Parallel to the other laws, the expression “marriage” in the inheritance laws is restricted only to the heterosexual matrimony. Thus, before this law can be functional in the case of LGBT+ community partners, the law must recognize same-sex marriages.


Right to have Protection Against Discrimination at the Workplace

LGBT+ workplace review of 2016 exhibited that more than 40% of the LGBT+ community in India have been victims of workplace harassment as a result of their gender/ sexual identity. Many LGBT+ community individuals habitually have to shelter their sexual identities for the reason that of the fear of probable judgment or losing their careers altogether.


Consequently, access to service and prejudice at the workplace remains to impose a constant battle for the LGBT+ community. Apart from fronting consistent discrimination and aggravation at the workplace, there are some other whys and wherefores also to authenticate that the existing employment laws are not comprehensive of the LGBT+ community such as lack of employment benefits, gratuity benefits, maternity benefits, etc.


Right to have Protection Against Sexual Harassment at the Workplace

The current enactment i.e. Sexual Harassment of Women at Workplace (Prevention, Prohibition & Redressal) Act, 2013 concerning the sexual harassment caters to only women as a victim and fails to take into account that the harassment can happen regardless of the gender of an individual. That is, the distressed party can also be a male, transgender, or any person from the LGBT+ community.
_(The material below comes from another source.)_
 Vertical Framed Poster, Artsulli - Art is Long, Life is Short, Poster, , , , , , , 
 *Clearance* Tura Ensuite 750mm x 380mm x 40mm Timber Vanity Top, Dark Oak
Thus, what we undoubtedly want is a more gender-neutral regulation to deal with workplace harassment cases.


A problem that may arise here is the “sexually colored annotations” or “unsolicited behavior” that may have a different construal and scope in cases of the LGBT+ community. Thus, bearing in mind the prolific transphobia and queerphobia, the gender-neutral harassment laws must also be conveyed with anti-discriminatory rules to prevent misappropriation of such regulations against the LGBT+ community.
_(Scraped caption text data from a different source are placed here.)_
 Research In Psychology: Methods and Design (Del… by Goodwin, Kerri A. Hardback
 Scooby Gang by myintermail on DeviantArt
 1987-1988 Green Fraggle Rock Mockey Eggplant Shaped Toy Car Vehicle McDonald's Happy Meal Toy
These issues are adequate to make worry down someone’s spine as the LGBT+ community is imperiled to extreme physical, mental, and emotional exploitation. This stands in clear violation of the equal protection clause and violates Article 14 of the Constitution of India, apart from denying these children a shield against discrimination, right to life, and right to education enshrined under Article 15, Article 21, and 21A respectively. Section 377 is done and dusted but the LGBT+ community needs concrete guidelines and regulations to protect them from bullying.

The humiliation and apathy the LGBT+ community suffer through the threats of rape, incidents of hitting, groping and kicking, etc.


Conclusion

The general law of Human Rights states social norms, tradition, ethos or morals can never be a binding defence to overpower another individual from asserting their fundamental and constitutional rights. If we start mitigating the whole shebang based on cultural views, social morals, and public dogma then there would have been no liberal legislature ratified in our country and we would have never been able to eradicate the social evils of Child Marriage, Sati, Dowry, and Infanticide, etc.

Therefore, the administration must smear away its conformist and unaccepting nature and instead take revolutionary steps to abolish the humiliation, discernment, and abuse enveloping the LGBT+ community. It is now the right time for the government to articulate novel laws or change existing laws to cater to the needs and basic standard of living for the members of the LGBT+ community and transmuting our country sustainably into an unbiased and vivacious knowledge society.